Поразительное разнообразие его дарований долго мешало современникам оценить достоинства его произведений. Невероятная активность этого человека, который легко брал любые подъемы и умудрялся быть одновременно выдающимся поэтом, оригинальным романистом, драматургом, новатором кино, художником- графиком, безупречно владеющим рисунком, удивляла и обескураживала критиков. Им трудно было поверить, что подобная разбросанность может быть формой проявления гения. Кокто сознавал опасность, но шел на риск, он всегда был готов рисковать. Каждый раз, как он достигал совершенства в одном жанре, он оставлял его ради другого, часто противоположного. Едва возглавив авангард, он уже считал его арьергардом. Его метания шокировали людей, не обладающих столь универсальным умом. Его легенда заставляла забыть, что его секрет — труд, шестьдесят лет работы, долгого, сурового подвижничества. «Я живу потаенно, укрывшись плащом легенд», — говорил он. Он сам помог соткать этот плащ, так как считал, что под его покровом тайная тайных личности становится невидимой. О Кокто говорили, что, подобно Оскару Уайльду, он был гениален в жизни и талантлив в творчестве. Нет, он был гениален в своих творениях, а в жизнь вложил свой большой талант, талант, сочетавшийся с неловкостью, почти ребяческой, потому что всегда оставался ребенком, изумленным, нежным и робким.

1. Жизнь

Жизнь Кокто была чередой побегов и возвращений. Ему выпала опасная удача — обеспеченное детство; он родился в 1889 году в Мезон-Лаффит в семье, которая принадлежала к потомственной парижской буржуазии и любила искусство, особенно музыку «с эклектизмом, исключавшим понимание». Его дед играл с Сарасате [618] в любительском квартете и был хорошо знаком с Россини. Первые шаги Жана сопровождали живопись, музыка и поэзия. По вечерам он смотрел, как в облаке духов и сиреневой рисовой пудры одевается его мать: затянутая в бархат и увешанная брильянтами, она собиралась в Оперу или «Комеди Франсез». «Потом букеты и клинки света скрывались под меховым манто, мама наклонялась, быстро целовала меня и устремлялась навстречу рокочущему океану перьев, драгоценностей, лысых черепов, чтобы окунуться в эту красную реку и растворить свое сверкание в сверкании люстр и канделябров, свой бархат — в бархате театра». Он мечтал в свою очередь пуститься в плавание по этой красной реке и войти в огромные золотые залы, куда не пускают детей до 10 лет.
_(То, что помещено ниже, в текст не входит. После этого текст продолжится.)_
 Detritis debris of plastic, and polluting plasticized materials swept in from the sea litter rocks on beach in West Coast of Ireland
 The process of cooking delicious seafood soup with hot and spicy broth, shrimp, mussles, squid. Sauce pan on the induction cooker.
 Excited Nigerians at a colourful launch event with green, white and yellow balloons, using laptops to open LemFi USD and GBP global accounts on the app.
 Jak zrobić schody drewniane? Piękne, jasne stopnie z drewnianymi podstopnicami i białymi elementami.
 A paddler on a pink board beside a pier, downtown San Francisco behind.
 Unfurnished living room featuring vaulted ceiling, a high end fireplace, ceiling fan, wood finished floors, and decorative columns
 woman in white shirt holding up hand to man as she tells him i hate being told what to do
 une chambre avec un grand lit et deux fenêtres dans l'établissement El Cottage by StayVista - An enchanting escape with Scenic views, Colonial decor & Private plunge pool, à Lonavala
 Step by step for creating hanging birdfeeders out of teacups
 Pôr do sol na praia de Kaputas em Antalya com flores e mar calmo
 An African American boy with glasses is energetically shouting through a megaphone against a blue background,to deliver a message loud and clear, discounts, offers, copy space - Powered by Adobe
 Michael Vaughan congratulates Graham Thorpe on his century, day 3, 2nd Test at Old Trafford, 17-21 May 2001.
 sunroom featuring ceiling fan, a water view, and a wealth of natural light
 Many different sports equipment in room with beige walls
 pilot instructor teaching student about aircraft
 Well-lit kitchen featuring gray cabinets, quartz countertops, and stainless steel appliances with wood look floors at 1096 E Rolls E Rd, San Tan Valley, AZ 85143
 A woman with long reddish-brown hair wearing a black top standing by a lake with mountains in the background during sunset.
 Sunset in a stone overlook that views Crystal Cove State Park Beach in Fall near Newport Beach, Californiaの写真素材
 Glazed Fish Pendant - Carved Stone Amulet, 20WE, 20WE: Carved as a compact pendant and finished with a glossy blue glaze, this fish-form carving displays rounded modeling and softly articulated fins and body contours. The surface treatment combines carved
Как и Пруст, Кокто принадлежал к той особой породе людей, которые на всю жизнь отмечены печатью детства. Это одновременно сила и слабость. Сила, потому что волшебный мир, в котором они живут, хранит их от ожесточения, наступающего с годами; слабость, потому что, не умея расстаться с этим утраченным раем, они больше других страдают от жестокости мира взрослых и до старости мечтают о комнате, согретой материнским теплом, где они могли бы уютно свернуться клубочком, собрав вокруг себя игрушки и своих любимых. Для Кокто Рай детства неотделим от Парижа. Он потерял отца в 1899 году, когда ему было десять лет. Мать поселилась на улице Лабрюйер. «Я говорю на парижском языке, и произношение у меня парижское», — признавался он. Парижу он обязан живостью ума, безошибочностью вкуса и чувством современности. Он ходил в Новый цирк, «Шатле», на классические утренники «Комеди Франсез» [619], узнал неотразимое поэтическое очарование идолов театра. В лицее Кондорсе он встретил «трудных детей» и восхитительного Даржело [620], чья лень стала легендарной. В его поэмах, романах и фильмах постоянно возникают образы тех лет: рыцари со щитами-ранцами, смертельный удар снежком, струйка крови, запекшаяся под носом ребенка.